Oneof composite type
Oneof can group a set of fields together so that only one of the fields can be set at a time. This is useful for situations where you need to represent a value that can be one of a few different types.
Oneof fields do not have a default value. This is because they are mutually exclusive, meaning that only one of them can be set at a time. If a oneof field is not set, then it is considered to be unset. Unlike enums, oneofs can only be used nested in a message.

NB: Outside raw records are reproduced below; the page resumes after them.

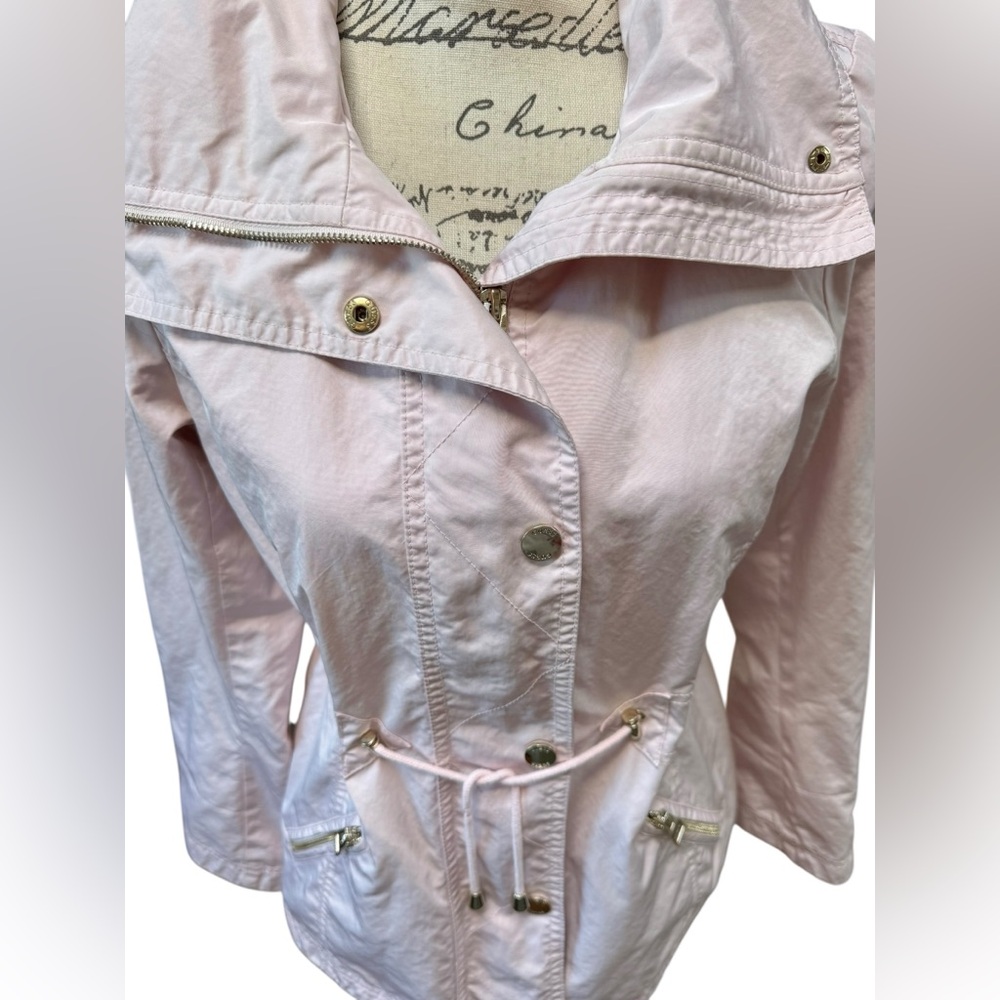 Guess Jacket Utility Anorak Rain Coat Pink Women’s Small - Picture 3 of 16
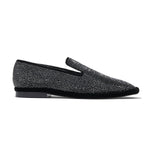 Oline Strass Velvet Moccasin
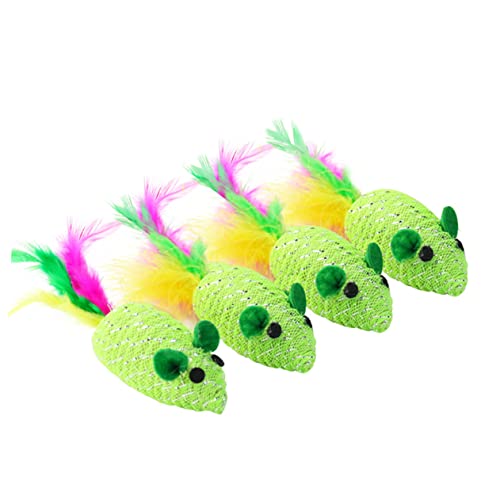 CORHAD 10stücke Woven Mouse Spielzeug Für Katzen Interaktives Grünes Katzenspielzeug Spielen Und Verhindern Von Kratzern Möbeln CORHAD 10stücke Woven Mouse Spielzeug Für Katzen Interaktives Grünes Katzenspielzeug Spielen Und Verhindern Von Kratzern Möbeln von CORHAD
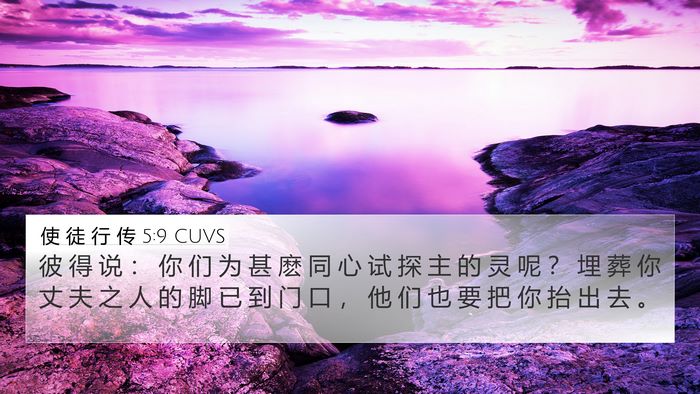 使 徒 行 传 5:9 CUVS Bible Verse Image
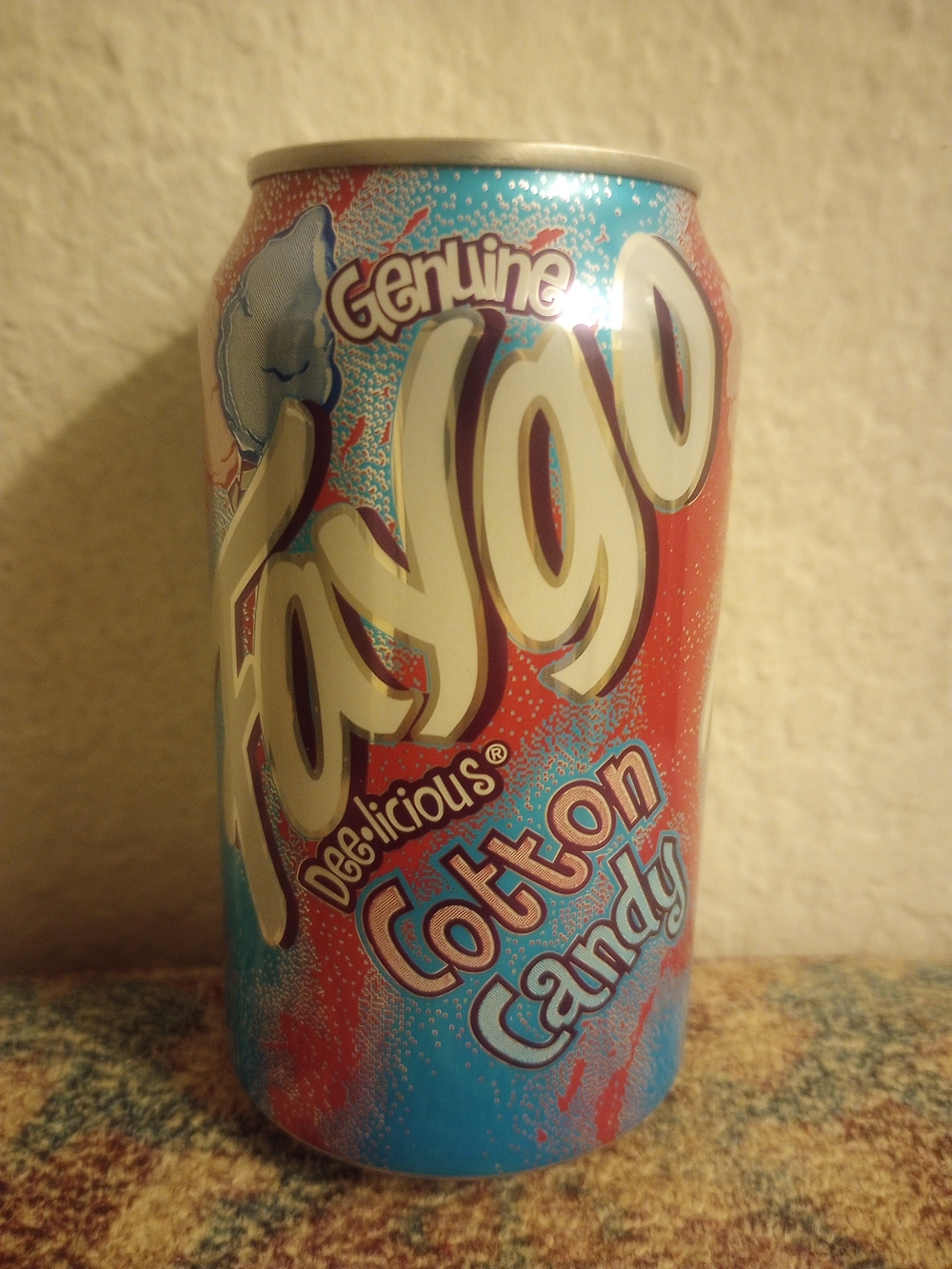 Faygo Cotton Candy Soda - Blue & Red Can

Let's see how we can represent books in our library using oneof:
package book.oneof;
message Math { }
message Python { }
message Others { }
message Book {
string title = 1;
repeated string authors = 2;
oneof type {
Math math = 3;
Python python = 4;
Others others = 5;
}
}Here, oneof represents a book that can be either Math, Python, or Others. Unlike enums, you can use oneofs to specify more complex data types.
Map composite type
In protocol buffers, the map field is a feature that allows you to represent key-value pairs within a message. It provides a convenient way to store and access data in a structured manner. Maps are written as:
map<key_type, value_type> field_name = field_tag;Keep in mind you can only use strings and integers as keys, while the values can be any scalar type, enum, or message type.

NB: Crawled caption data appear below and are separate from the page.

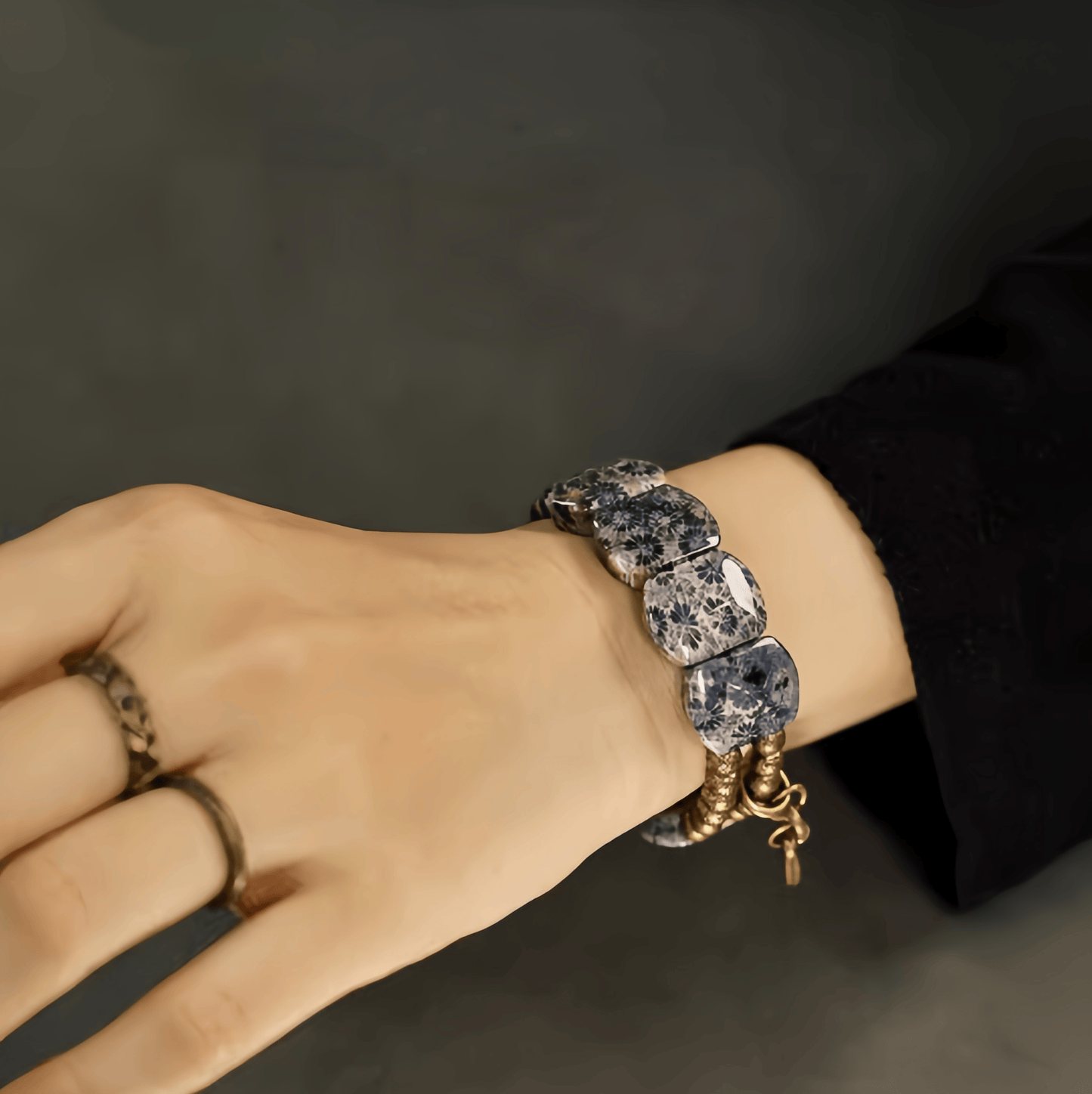Energy Luxury Artisan Coral Bracelet – Double-Layered, Personalized & Natural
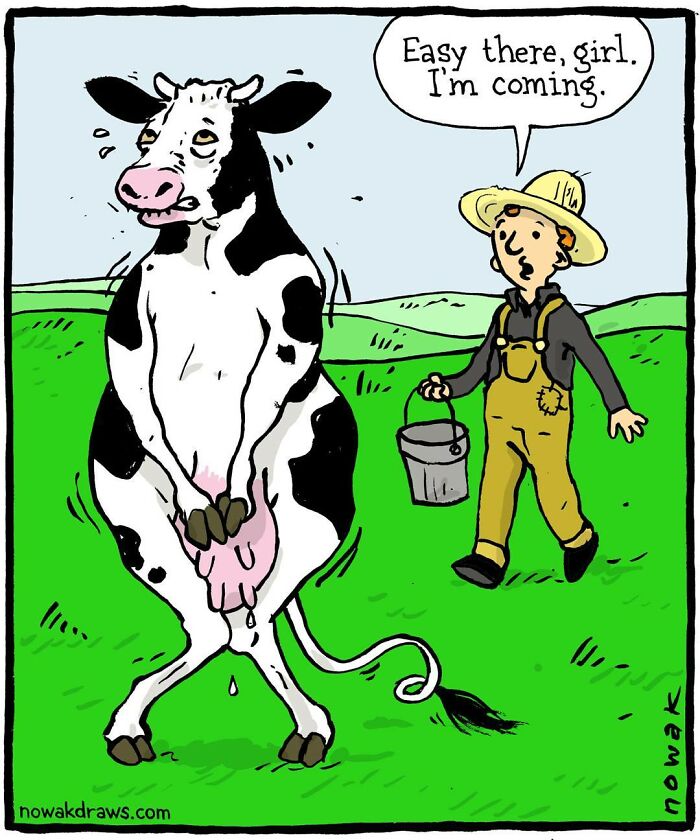 Here Are 39 New Silly Single-Panel Illustrations By Joseph Nowak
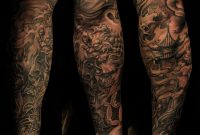 Foo Dogtemple Tattoo Sleeve Half Sleeve Foo Dog And Pagoda Tattoo in sizing 1024 X 804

The library example demonstrates the use of maps in protocol buffers to associate books with subjects. The subject name serves as the key to retrieve the corresponding Subject message, which includes the subject's location and a list of books.
...
message Library {
// Map of subject names to books on the Subject
map<string, Subject> subjects = 1;
}The repeated label cannot be used with maps, enums, and oneofs in protocol buffers. This restriction exists because repeated fields are only permitted for simple types, whereas maps, enums, and oneofs are considered as complex types.
Conclusion
In summary:
- Syntax declaration and package names ensure proper compilation and prevent naming conflicts
- Protocol buffers support primitive and composite data types
- Primitive data types include signed and unsigned integers, floating-point numbers, boolean values, strings, and bytes
- Enums, oneofs, and maps composite data types can be useful to represent complex objects
- Composite data types help you handle complex data beyond the capabilities of the primitive types
- You can use nested messages to further enhance the flexibility and organization of protocol buffers
By mastering protocol buffers syntax and data types, you gain knowledge to achieve efficient data serialization and streamline communication within your distributed applications. The possibilities are vast. Consult the protocol buffers documentation and discover more features and functionalities.